• [TASK REQUIREMENTS]: Produce an exact copy of all the data below, dropping every image.

• [THE DATA]:

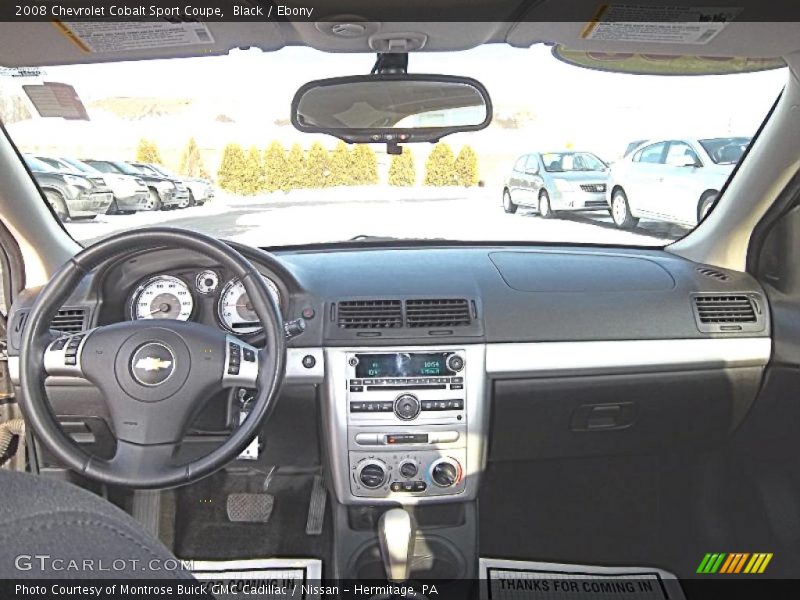 Black / Ebony 2008 Chevrolet Cobalt Sport Coupe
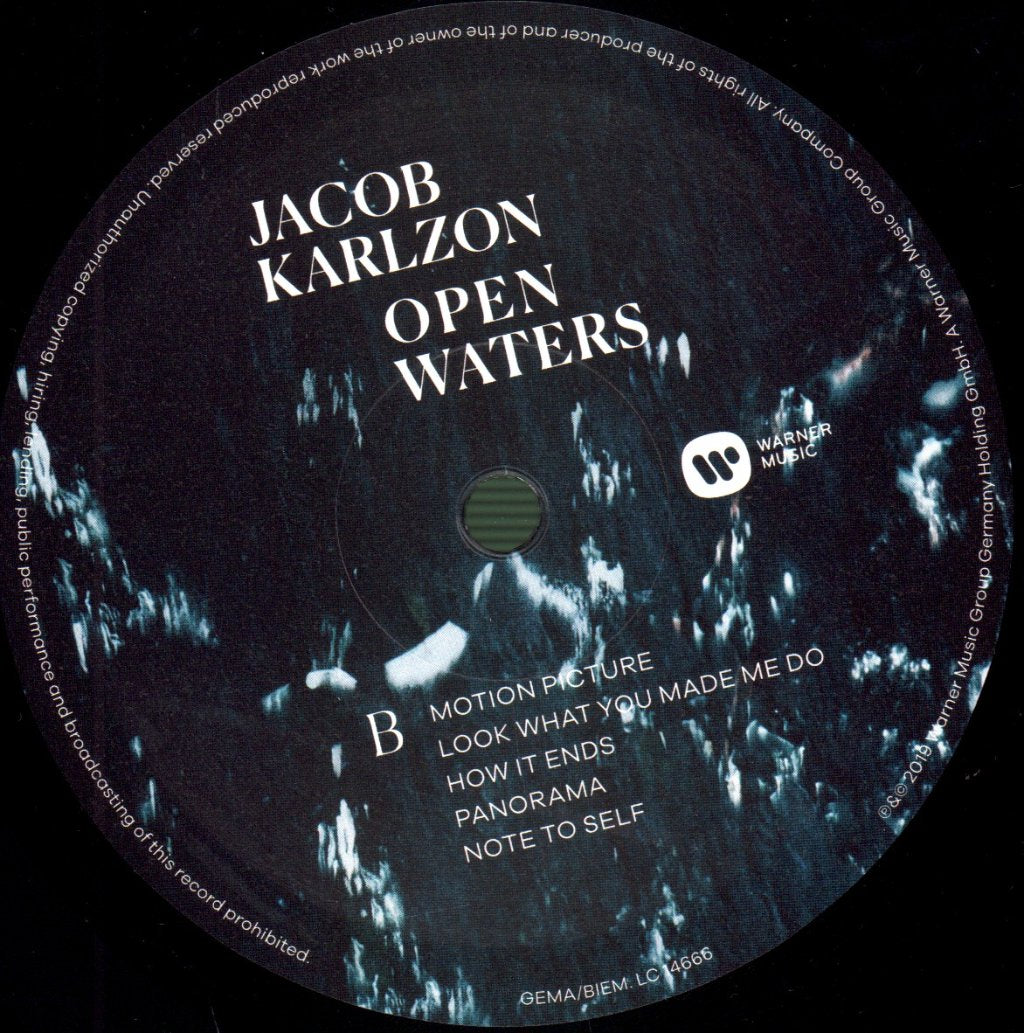Jacob Karlzon - Open Waters - Lp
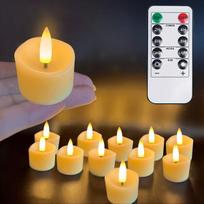 LED žvakutės su laikmačiu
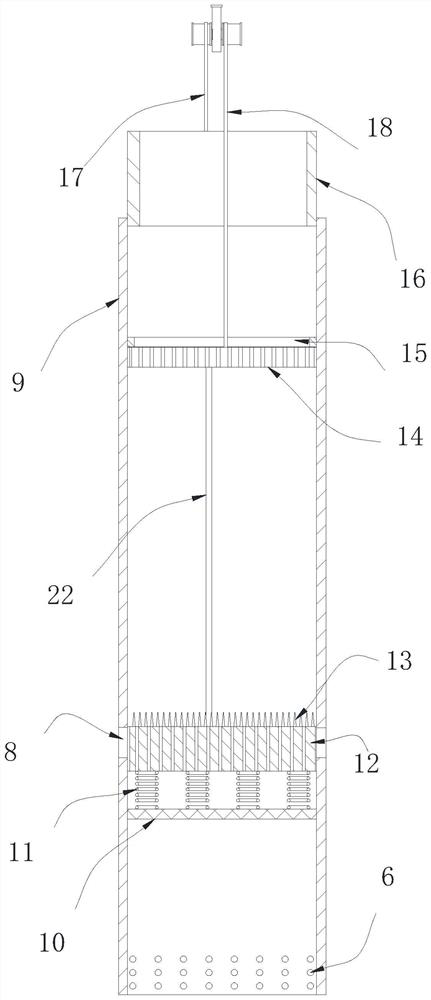 Papermaking wastewater filtering device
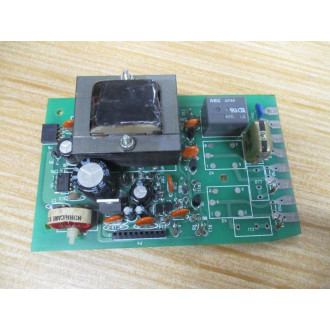 NTI 046-112-02 Power Supply Board 04611202 Rev.J1, 1 Relay - Used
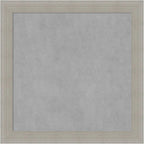 Amanti Art Grey Framed Magnetic Board 14x14 X-Small Vision Board by AmantiArt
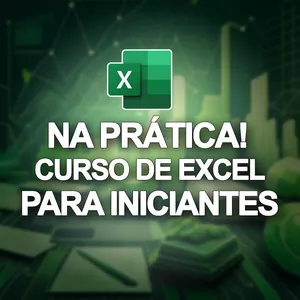 Imagem de capa para o Curso online Na prática! Excel para iniciantes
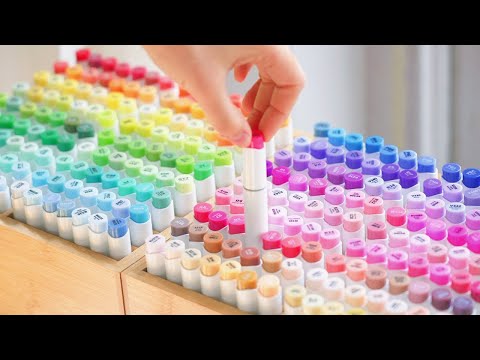 🌱 let’s try new art supplies! | marker ASMR ☁️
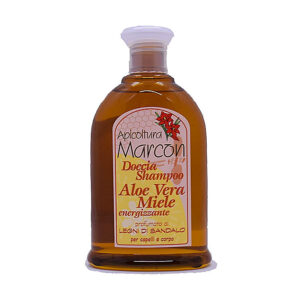Doccia shampoo sandalo miele Apicoltura Marcon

• [WORKED SOLUTION]:
 Black / Ebony 2008 Chevrolet Cobalt Sport Coupe
Jacob Karlzon - Open Waters - Lp
 LED žvakutės su laikmačiu
 Papermaking wastewater filtering device
 NTI 046-112-02 Power Supply Board 04611202 Rev.J1, 1 Relay - Used
 Amanti Art Grey Framed Magnetic Board 14x14 X-Small Vision Board by AmantiArt
 Imagem de capa para o Curso online Na prática! Excel para iniciantes
 🌱 let’s try new art supplies! | marker ASMR ☁️
Doccia shampoo sandalo miele Apicoltura Marcon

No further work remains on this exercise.